++++ The data ++++
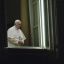 Папа Франциск пострадал из-за пьяного кардинала, спорящего с подругой на площади Святого Петра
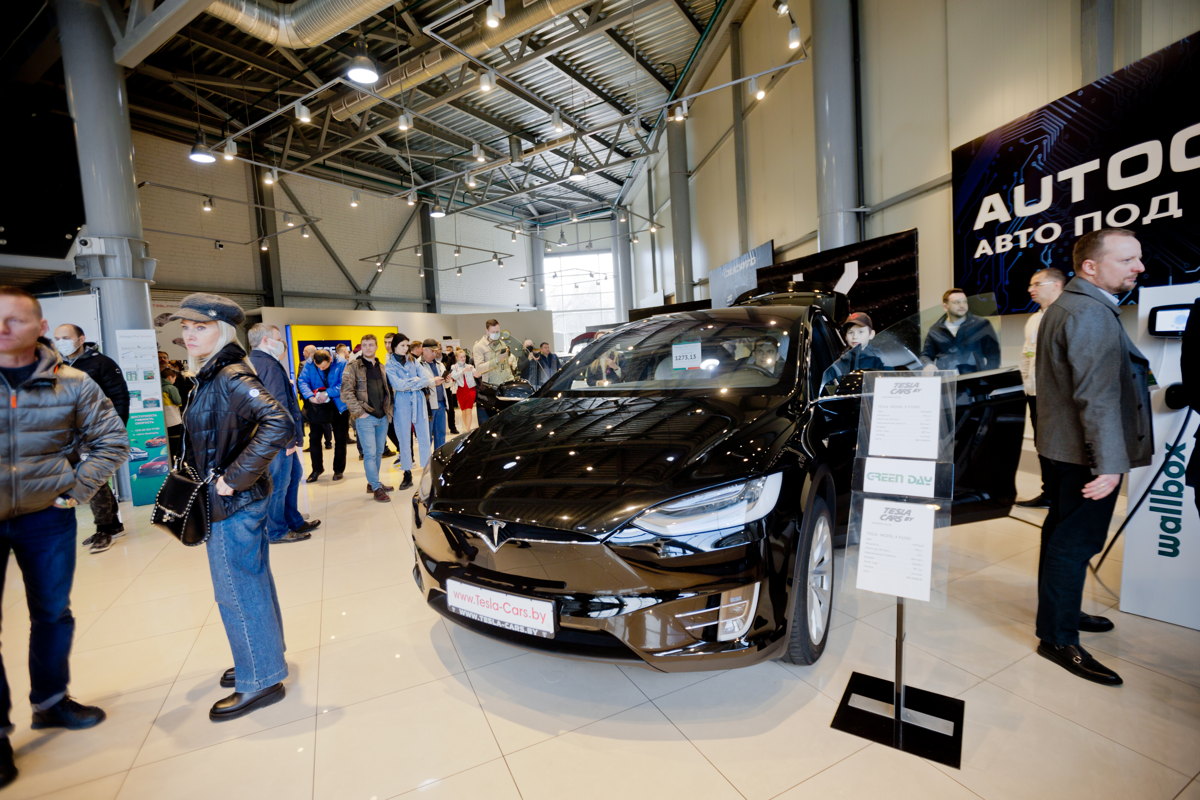 «Tesla — самые сексуальные автомобили в мире»: в Минске прошел 1-й фестиваль электромобилей Green Day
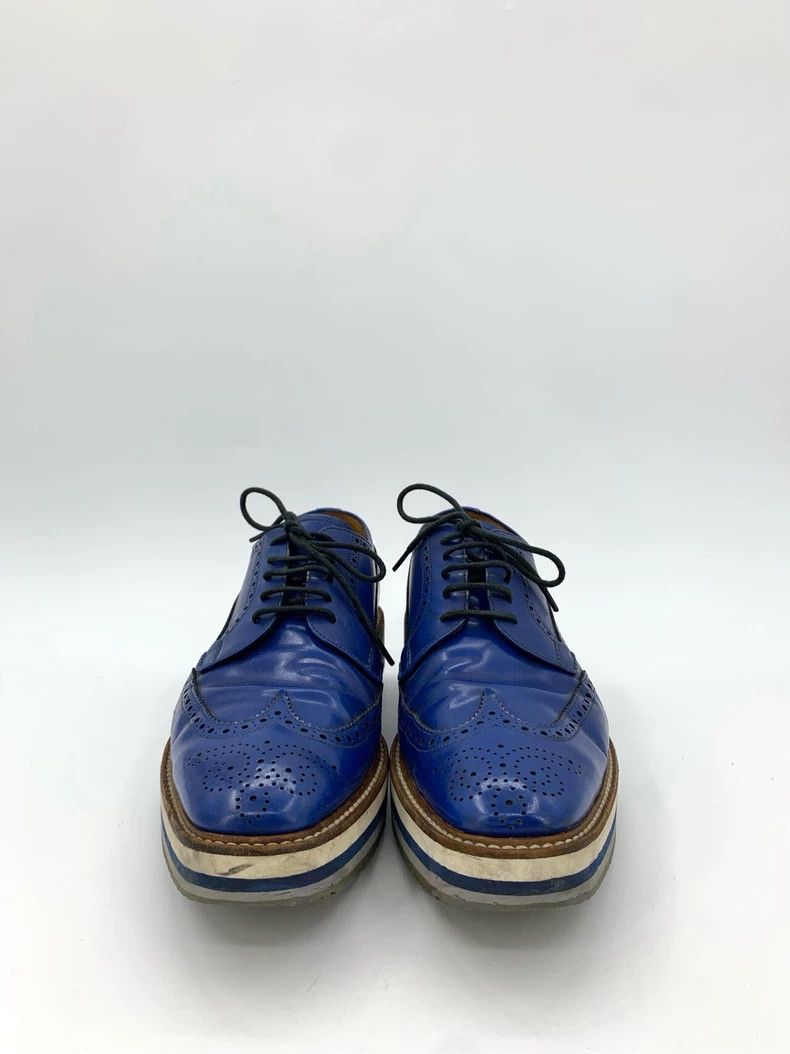 Prada Prada Size 43 Brogue Carved Blue Wedge Leather Shoes Size US 9.5 / EU 42-43 - 3 Thumbnail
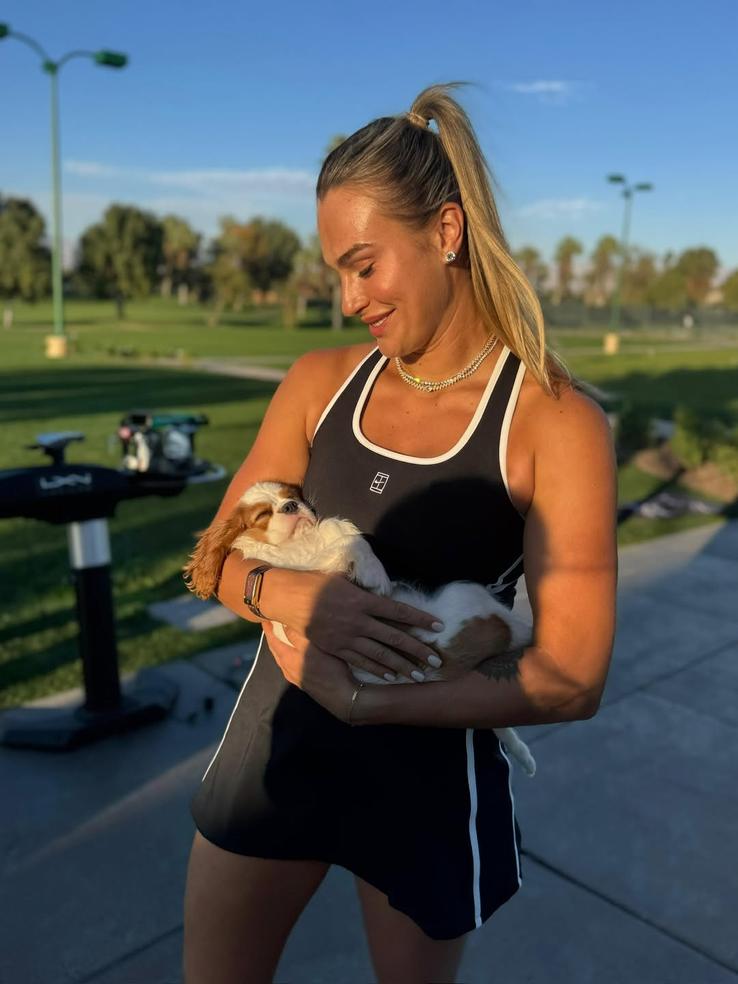 Aryna Sabalenka, alături de Ash, câinele ei/Foto: Instagram (Aryna Sabalenka)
++++
Task to complete:
Reproduce the data exactly, please, and omit its pictures.

Solution for this task:
 Папа Франциск пострадал из-за пьяного кардинала, спорящего с подругой на площади Святого Петра
 «Tesla — самые сексуальные автомобили в мире»: в Минске прошел 1-й фестиваль электромобилей Green Day
 Prada Prada Size 43 Brogue Carved Blue Wedge Leather Shoes Size US 9.5 / EU 42-43 - 3 Thumbnail
 Aryna Sabalenka, alături de Ash, câinele ei/Foto: Instagram (Aryna Sabalenka)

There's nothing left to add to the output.